Особый интерес к объявленной в печати пьесе проявили русские, жившие за границей. Женевская община русских студентов и курсисток изъявила желание поставить пьесу на родном языке (об этом Чехову писала москвичка Янина Берсон 2 ноября 1903 г. — ГБЛ). Из Женевы писала также О. Р. Васильева: «Я сейчас немного окунулась в Ваш „Вишневый сад“ и меня так захватило <…> Когда это будет возможно, не забудьте, прошу Вас, прислать мне его» (28 октября 1903 г. — ГБЛ).
Еще до постановки «Вишневого сада» некоторые слова и выражения из него вошли в разговорный язык актеров Художественного театра. О. Л. Книппер писала Чехову в дни распределения ролей, что среди актеров уже вошло в привычку говорить словами Симеонова-Пищика: «Вы подумайте!» и цитировать Епиходова (Книппер-Чехова, ч. 1, стр. 312; ср. стр. 324). В мае 1904 г. А. И. Куприн писал Чехову о пьесе: «Многое из нее входит уже в разговорный язык» (ЛН, т. 68, стр. 394).

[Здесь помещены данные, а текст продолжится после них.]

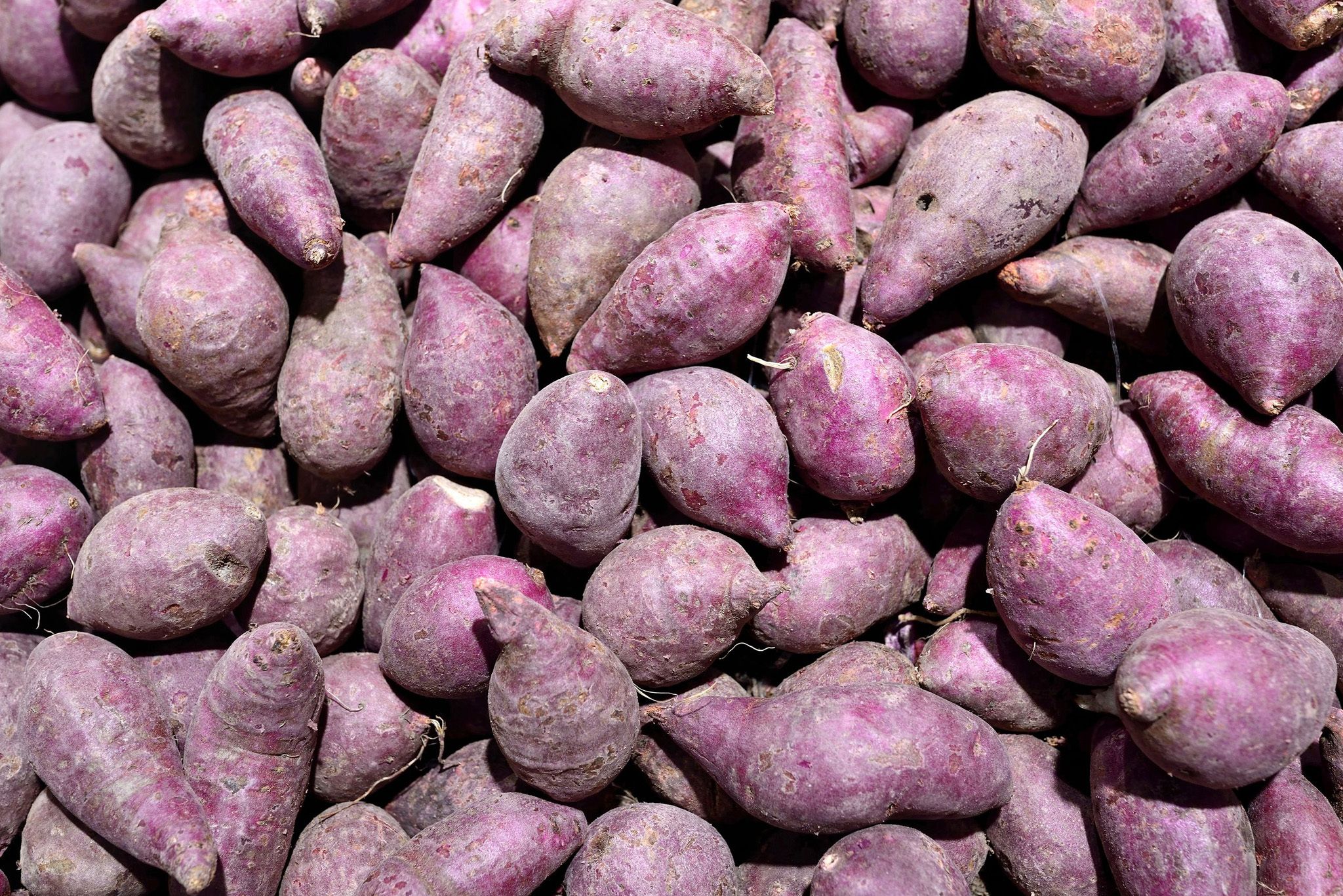 Sweet Potatoes Purple Hero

Стр. 203. …пачулями пахнет. — Пачули — род сильно пахнущих цветочных духов, изготовленных из тропического растения того же названия.
Стр. 215–216. «Что мне до шумного света ~ жаром взаимной любви…» — Начало популярного «жестокого» романса.
Стр. 222–223. В гордом человеке… — В словах Трофимова о гордом человеке — полемический отклик на монолог Сатина в пьесе А. М. Горького «На дне» (1902), где были слова: «Чело-век! Это — великолепно! Это звучит… гордо!» (см.: Б. А. Бялик. М. Горький-драматург. М., 1977, стр. 40–41).
Стр. 226. Брат мой, страдающий брат… — Неточное начало стихотворения С. Я. Надсона «Друг мой, брат мой, усталый, страдающий брат…» (1881).
…выдь на Волгу, чей стон… — Из стихотворения Н. А. Некрасова «Размышления у парадного подъезда» (1858).
Стр. 231. Guter Mensch, aber schlechter Musikant (Хороший человек, но плохой музыкант — нем.) — Крылатое выражение, восходит к комедии Клеменса Брентано «Понс де Леон» (1804). См. G. Büchmann. Geflügelte Worte. 1959, S. 100.
Стр. 235. …читает «Грешницу» А. Толстого ~ несколько строк… — Поэма А. К. Толстого «Грешница»(1858) — о блуднице, прощенной Христом, — была в репертуаре литературных вечеров и пользовалась большой популярностью (как и картина Г. И. Семирадского «Христос и грешница», написанная в 1873 г. на ее сюжет). Ср. иронические упоминания поэмы в рассказах «Либеральный душка», «Учитель словесности».
Стр. 237. «Поймешь ли ты души моей волненье…» — Начало романса Н. С. Ржевской (1869).